BIOGRAFIAS TÊM ESPAÇO
UMA BIOGRAFIA NÃO É INTOCÁVEL NEM INFALÍVEL
A biografia é uma obra com um único personagem. Ela expõe as manias, os segredos, os traumas, as fraquezas, as virtudes, os conflitos, enfim, evidencia tanto a vida pessoal na sua intimidade quanto a profissional nos seus detalhes. É, portanto, a soma das pequenas histórias pessoais para culminar em uma só história, que traça um perfil. Isto através de um dedicado trabalho de pesquisa e investigação. Pelo menos, em teoria. Mas na prática, a publicação da história de uma pessoa é bem mais complicada.
Randall Sulivan, jornalista americano, não tinha noção da dor de cabeça que teria ao publicar ESTRANHA VIDA e a TRÁGICA MORTE DE MICHAEL JACKSON. O texto expôs as fragilidades e a intimidade do cantor. Atraiu sobre si a fúria dos fãs e processos da família.
Rui Castro, um dos maiores biógrafos brasileiros, respondeu processos durante vários anos pela biografia que revelou a dramática vida de Garrincha, destruída pelo álcool, morrendo na miséria e no abandono. As filhas legatárias pediram indenização e a proibição da venda, que durou quase uma década. Com a determinação do Supremo Tribunal Federal de um ressarcimento de 100 salários mínimos para cada herdeira foi colocado um ponto final ao imbróglio.
O jornalista Palmério Dória subestimou a reação que o seu livro, HONORÁVEIS BANDIDOS – UM RETRATO DO BRASIL NA ERA SARNEY, provocaria no Nordeste. Nas diversas sessões de lançamento em 2009, houve baderna e confronto entre adversários e simpatizantes do clã. O campus da Universidade Estadual do Maranhão de Imperatriz se transformou em praça de guerra. Um grupo de vândalos promoveu um quebra-quebra. Houve tiros, bombas de efeito moral, correria e prisões. Foi preciso a intervenção da Polícia Militar.

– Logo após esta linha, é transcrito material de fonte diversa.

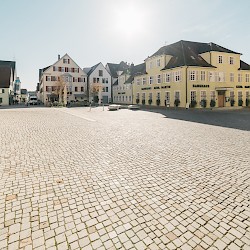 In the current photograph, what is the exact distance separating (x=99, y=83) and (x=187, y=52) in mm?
31559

Jogar a sujeira alheia ao vento sempre é perigoso. Biografias que desmascaram uma vida corrupta, trazem problemas ao autor. Em contrapartida, textos polêmicos têm a garantia de venda fácil. Mas o autor precisa ser corajoso e sujeitar-se à comprovação das fontes para assegurar a sua defesa.
Para mim, no entanto, o biógrafo não pode ser apenas um Sherlock Holmes: um investigador de pilha, inquire e desmascara a pessoa envolvida. Há em uma biografia algo maior e mais sublime: preservar a memória de um ser humano. O que significa salvá-lo do esquecimento.
Cresci ouvindo na família comentários saudosos sobre o meu avô Hermes Pereira de Souza. A partir da adolescência sonhei um dia escrever um livro com o objetivo de assegurar a sua memória. A biografia tornou-se real e no fim do ano passado foi publicada e lançada na Feira do Livro de Porto Alegre. Para minha surpresa, recebi muitas manifestações, e-mails e até uma carta escrita à mão. Surgiram parentes que eu nunca tinha ouvido falar. Em decorrência, acabei sendo homenageada pela Câmara de Vereadores em São Borja, terra onde ele nasceu.
Uma biografia pode provocar resultados diversos. Pode tanto destruir como enaltecer uma reputação. Para exemplificar, há 259 biografias sobre Charles Chaplin. Isto é, há 259 versões sobre ele, que variam de herói a depravado. Daí a eterna polêmica sobre o direito de privacidade e a liberdade de expressão.
Mesmo com todas as polêmicas, as biografias têm espaço e estão conquistando o leitor. São leituras de fatos reais e, ao mesmo tempo, importantes documentos históricos. Como qualquer outro livro, a biografia não é intocável nem infalível, cabendo-lhe suposições, dúvidas e críticas, o que é normal. Tudo depende de quem a escreve. Como e com que intenção é publicada.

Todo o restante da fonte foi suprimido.